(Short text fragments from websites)

:::::

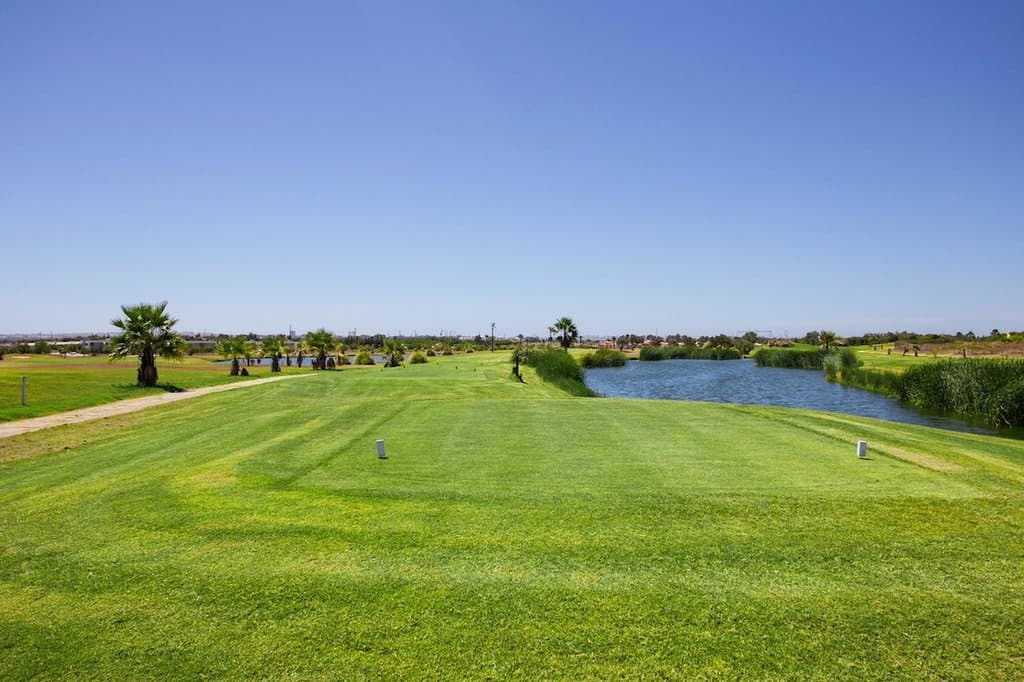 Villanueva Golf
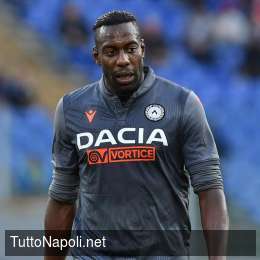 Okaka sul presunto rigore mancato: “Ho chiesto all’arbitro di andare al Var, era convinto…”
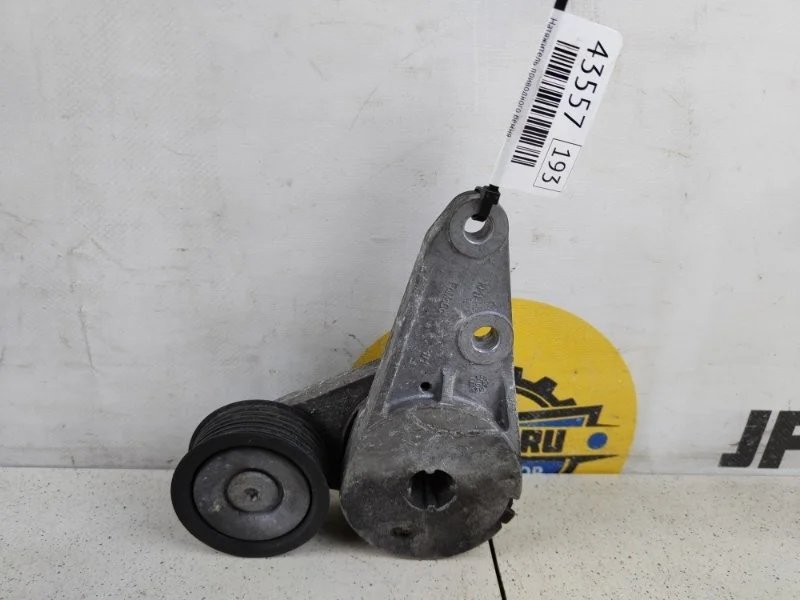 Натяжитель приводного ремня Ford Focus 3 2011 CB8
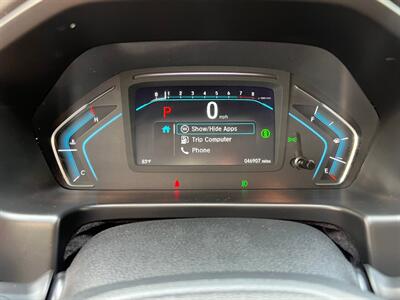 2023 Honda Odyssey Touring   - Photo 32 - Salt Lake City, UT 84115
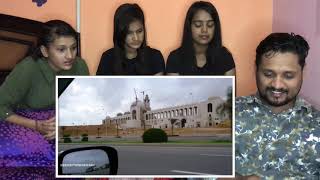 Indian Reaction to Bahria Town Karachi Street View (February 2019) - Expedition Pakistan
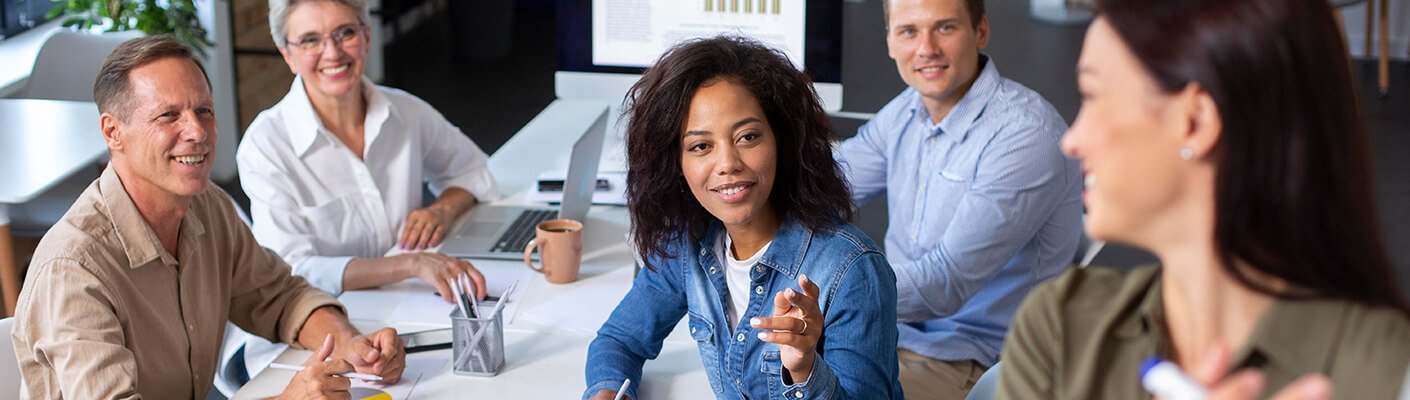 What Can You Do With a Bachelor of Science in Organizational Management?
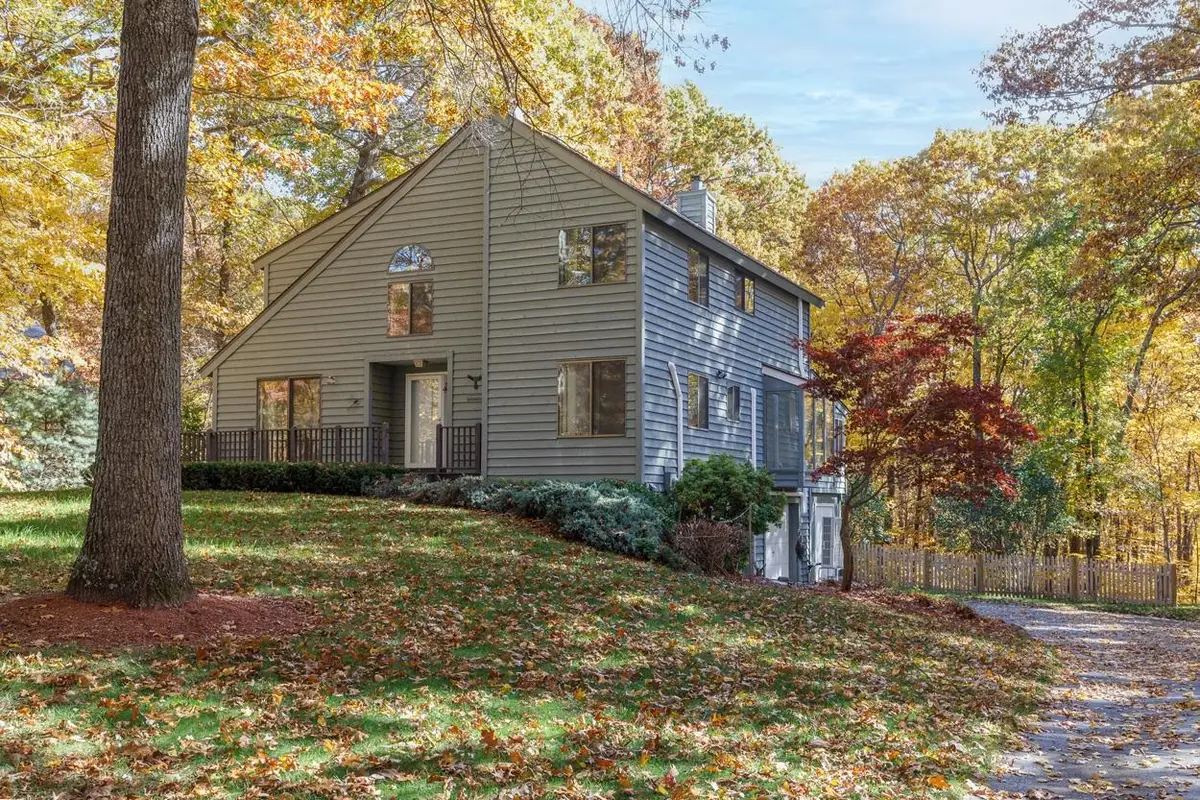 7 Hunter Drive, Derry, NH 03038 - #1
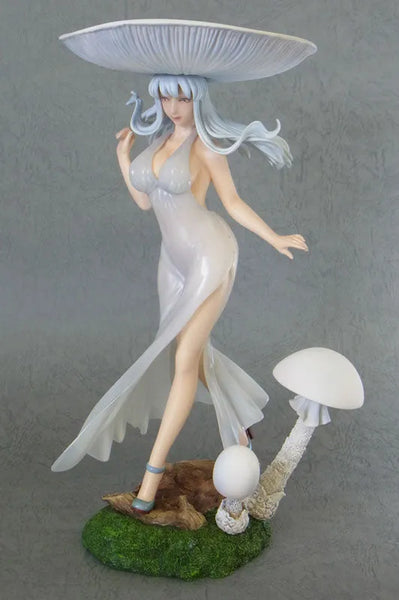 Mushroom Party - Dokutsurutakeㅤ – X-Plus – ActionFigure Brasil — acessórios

:::::

Work order → Repeat exactly the lines from the first line of the records above through the line containing "2023 Honda Odyssey", leaving out the pictures.

Result of this exercise →
 Villanueva Golf
 Okaka sul presunto rigore mancato: “Ho chiesto all’arbitro di andare al Var, era convinto…”
 Натяжитель приводного ремня Ford Focus 3 2011 CB8
 2023 Honda Odyssey Touring   - Photo 32 - Salt Lake City, UT 84115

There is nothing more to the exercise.